Behind the scenes yt-dlp is downloading the subs in .vtt format than using ffmpeg to convert those to .srt. Depending on your situation the original .vtt format might be fine.
Or even better, yt-whisper, which uses OpenAI's Whisper speech to text. I guess it'd be better to first check whether the video has captions first before Whispering, so maybe both your command and this one could be used together.
I am not a fan of this pattern - if I'm understanding correctly, you would have to part with all of yt-dlp's niceties like playlist/channel handling, quality selection, file naming, logging config etc.
Why not just use the whisper cli on yt-dlp CLI's output for videos with bad or no subtitles?
Sure you could do that too. yt-whisper uses yt-dlp underneath so there might be a way to pass arguments to the inner yt-dlp instance. Or if not you can modify the source directly, it seems to be a simple wrapper. Or again you can do what you were saying, using the Whisper CLI. All good options, I just mentioned this one since it's easier if I just want to download a video with subs.
I apologize for the question, but I am not entirely clear where "split_sentences" is. Is it a separate script? I have been looking for something with that sort of functionality for a while, very often for this very purpose, splitting transcripts.
Sorry for the late answer, but yes, it would have to be a separate script or command, it is purely fictional, I made it up because it made more sense for the joke to have it, and people might have pointed out that my grep would have filtered out too much context, so I had to add this.
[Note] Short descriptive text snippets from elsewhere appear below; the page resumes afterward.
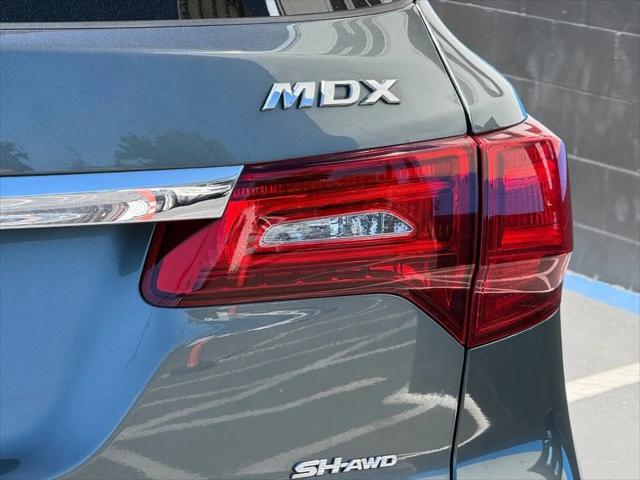 2016 Acura MDX Advance  Entertainment Packages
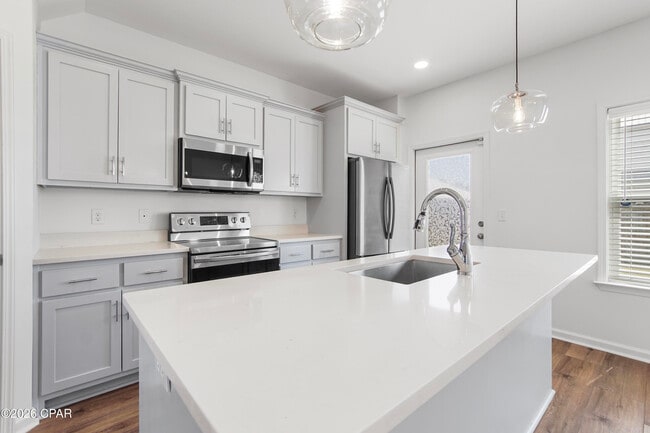 Building Photo - 413 Raven Ln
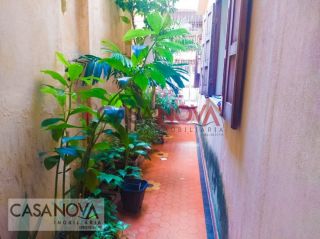 Casa no Centro com 5/4 excelente para comercio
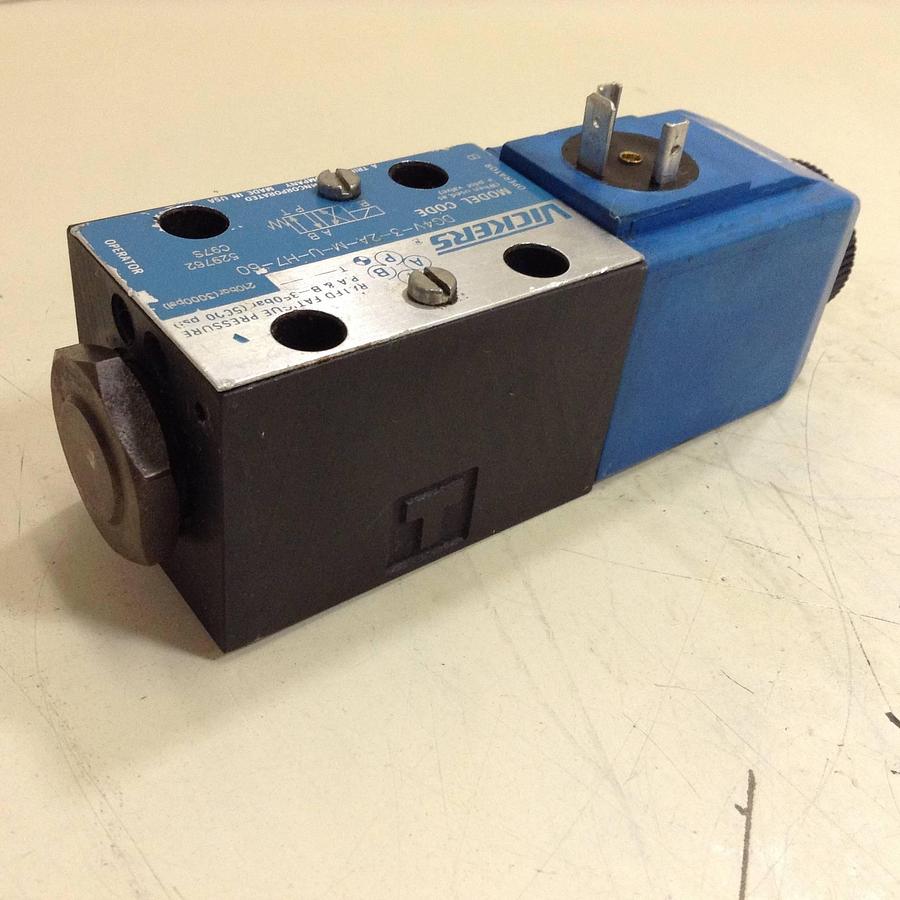 Used VICKERS Valve DG4V-3-2A-M-U-H7-60 Used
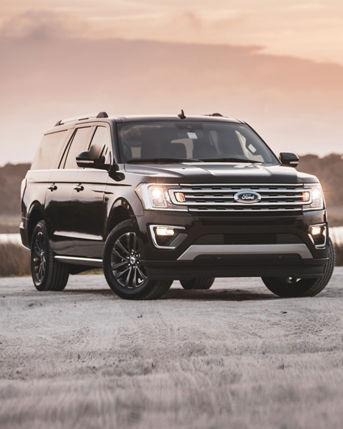 2020 AVIS - Ford Expedition 049A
I'm sure there are many unix-y tools for this purpose, but I don't know of them. If you're looking for something that's installed everywhere, maybe a very big awk or sed regex with multiline wizardry could do the trick for most easy-to-parse latin languages and you'd just have to copypaste it around. It prolly becomes harder for regexes once you start working with right-to-left languages like Arabic, and languages with different ponctuation, so it might not be i18n-friendly.